My photographic friends all use Epsons and I was an HP user until buying this printer. The quality of the first batch of prints was, indeed, impressive and I looked forward to reliable top quality printing. However, a few months down the line I am unable to prevent horizontal banding appearing on the prints and have wasted quite a bit of ink running the head cleaning and nozzle unblocking programs, all to no avail. To give a rough idea, I ran these three times and estimate about 25% of each ink cartridge was used in total. As each cartridge costs around £12, and there are eight of them, that's £24 worth of ink wasted!



Even in normal use I was horrified by the rate at which the cyan ink kept going down and fully expected to find a pool of the stuff under the printer somewhere. I am now on my third cartridge after a few months of intermittent use.



Set against this, as a semi professional photographer, one has to hope that the fade resistance proves worthwhile. Well it should, provided you use Epson premium glossy paper, which adds to the expense. However, a landscape print left on to top of my in laws' TV has developed faded patches after just two months of exposure to feeble winter sun. Things are not looking good.

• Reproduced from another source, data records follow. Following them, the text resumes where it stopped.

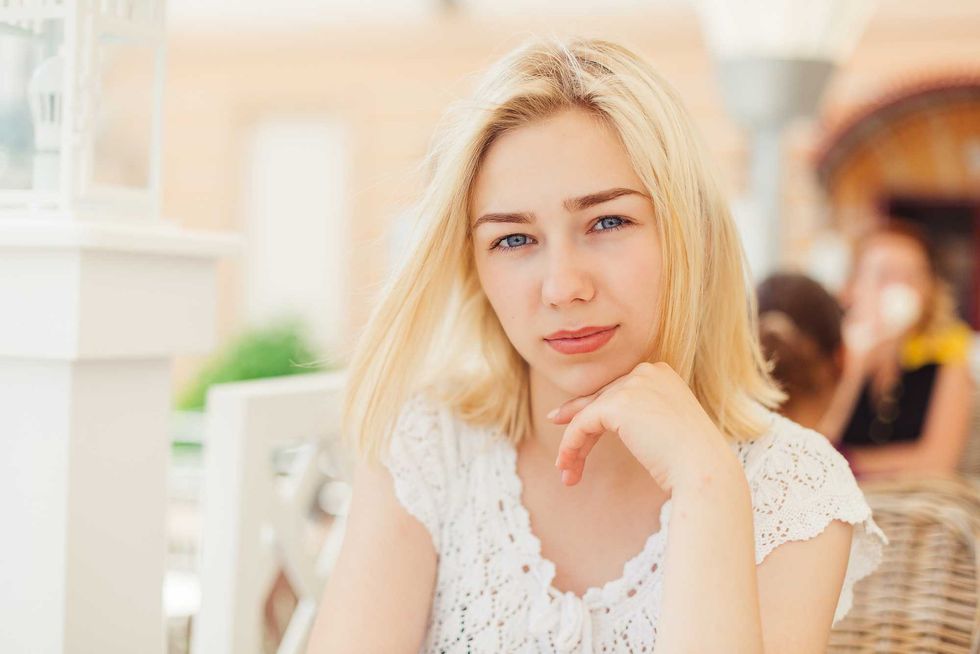 Close up portrait of toyng blondie girl sitting in outdoor cafe in summer. Leisure summer time and lifestyle of student girl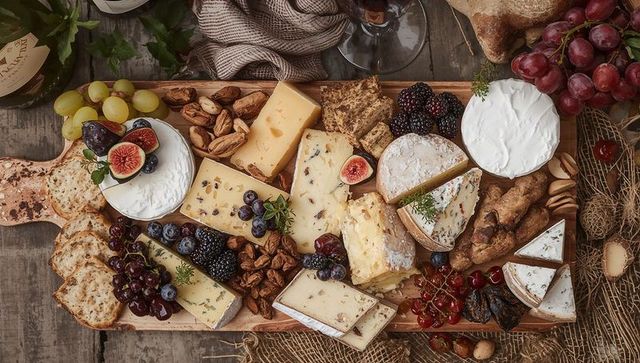 Displaying rustic cheese and charcuterie board with figs, grapes, crackers, nuts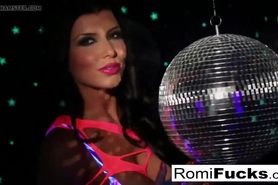 Romi plays with a disco ball before stuffing toying her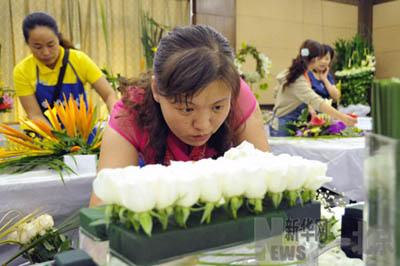 A contestant arranges flowers in this photo published on Monday, September 22, 2008. Over 100 flora artists took part in the flower-arranging competition held in Shunyi district of Beijing on Monday. The district will host the 7th China Flower Expo on September 26, 2009.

I can say, in defence of this printer, that it guides paper and card through accurately and the paper feed and out tray close up nicely to seal out the dust when the printer is not in use. Also, the computer screen display (there's no status panel on the printer itself), showing what the printer is doing and how much ink it has left (scary) is well set out. However, this is not a ringing endorsement for a printer which costs nearly £200.



I will sell this ink gobbling monster to another photographer and go back to HP where the ink cartridges seem to last much longer and which have diposable/replaceable ink delivery systems. I never had a persistent clogging or dirty head problem with my old HP printer.